As Venezuelan’s speedy gonzález ándale ándale presidential campaign draws to a close, candidates Maduro and Capriles begin to count their eggs. This has been Venezuela’s shortest official run-up to elections ever. In just ten all-singing all-dancing days, besides a sprinkling of ideological discourse, from Maduro we’ve had claims of Chávez’s rebirth as a bird, verbal attacks delivered via off-beat improv hip-hop, and threats of an ancient Venezuelan curse. Capriles’s general demeanour has been somewhat more sedate, though he too has made recourse to the seemingly fail-safe tactics of religious speak and rosary garb, total respect for the dead and a whole lot of shouting.
Most polls place Maduro between eight and 15 points ahead of Capriles. The difference may drop slightly on the day, depending on levels of abstention, though Capriles will need a miracle to win. The Chavistas know it. The opposition knows it. Capriles knows it but, to his credit, is putting on a great show of a brave face. The elephant in the room may be invisible but its hardly surprising: six months ago, Capriles was a relatively unknown figure. Televised exposure of his campaign has been restricted to private channel Globovisión and YouTube. He is financed privately and represents a conglomerate of small parties with huge differences between them. His figure symbolises el imperio, the neoliberal right. In a country where the majority is proud to be “socialist” this is hard to swallow, now matter how jodido things are at home.
Meanwhile, Maduro’s candidacy has been blessed by Hugo the Almighty. Aside from having exclusive access to state funds, control over state media and 14 years in power, the officialist camp holds the faith of the people in its hands. It’s as abstract as it sounds. Common sense dictates that the ruling party has to lose. Crime rates, food shortages and inflation levels are sky-high. A state document leaked to Spanish newspaper ABC suggests that things are about to get worse. National infrastructure is teetering dangerously. A thousand promises has been broken. PSUV aren’t entirely responsible for the crisis Venezuela is currently living, but they sure haven’t made things better. At this point, from a logical perspective, most voters would pay their thanks and bid farewell – bien gracias, ciao pescao.

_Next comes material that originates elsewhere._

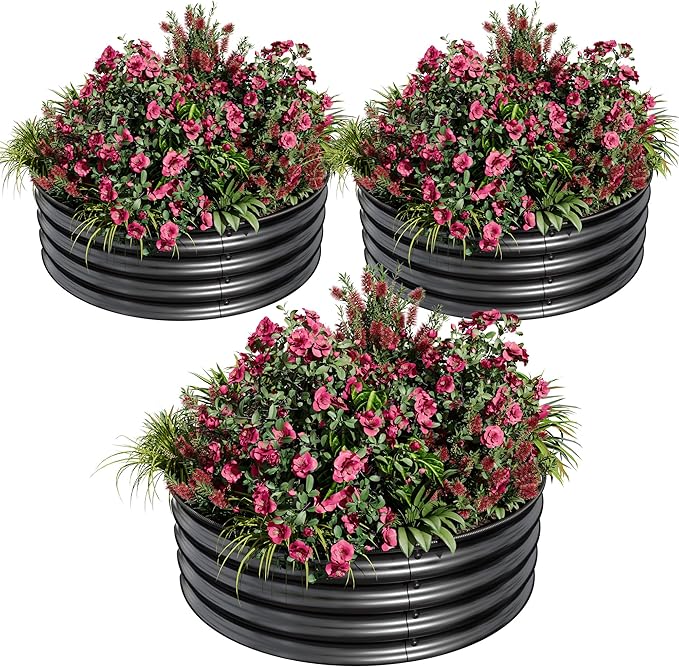 Round Raised Garden Bed, 3 Pcs 2x2x1ft Round Galvanized Steel Raised Garden Bed Kit, Rust-Resistant, Easy Assembly, Safe Edging for Vegetables, Fruits, Flowers, Black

But politics here is beyond logic. As the temple crumbles around them, the electorate looks to the heavens for answers. And Maduro – self-proclaimed son of Chávez – is milking his born-again followers for all they’re worth. This is no quiet Obama-type acceptance of Christianity as a pretty crucial key to success. This is Chavismo evangelised, complete with progrock, iconography and convulsions. This is demonising those who don’t belong, casting sinners into Hell. This is poligion. This is undoubtable, unshakeable, unreasonable faith. Which is why Maduro has made little in offerings of policy, solutions, or concrete change. He doesn’t have to. The dogma is enough.
Capriles’s mistake, as far as I’m concerned, has been to follow this lead. While somewhat less hysterical, Capriles followers are equally fanatical but fewer. The opposition, too, has a bunch of voters that don’t need convincing. The opportunity was in convincing the Chavistas light that a new government makes sense at a time like this. Rather than do this through intense debate over fiscal responsibility, proposals of an economic shake-up and the outlining of measures needed to tackle huge social problems, Capriles has chosen the tack of insisting that “Maduro isn’t Chávez (but I could be).” Capriles is the solution, unity is the solution, Venezuela somos todos. Sound familiar? Through parroting Chávez’s old rhetoric, Capriles effectively legitimises Maduro’s messianic stance thereby setting himself up like Satan disguised as angel of light. Not only does this emulation leave the country in the same populist conundrum as ever, it also reinforces the state’s transcendental role as high deity reincarnate in Nicolás. And that, my friends, is just not cricket.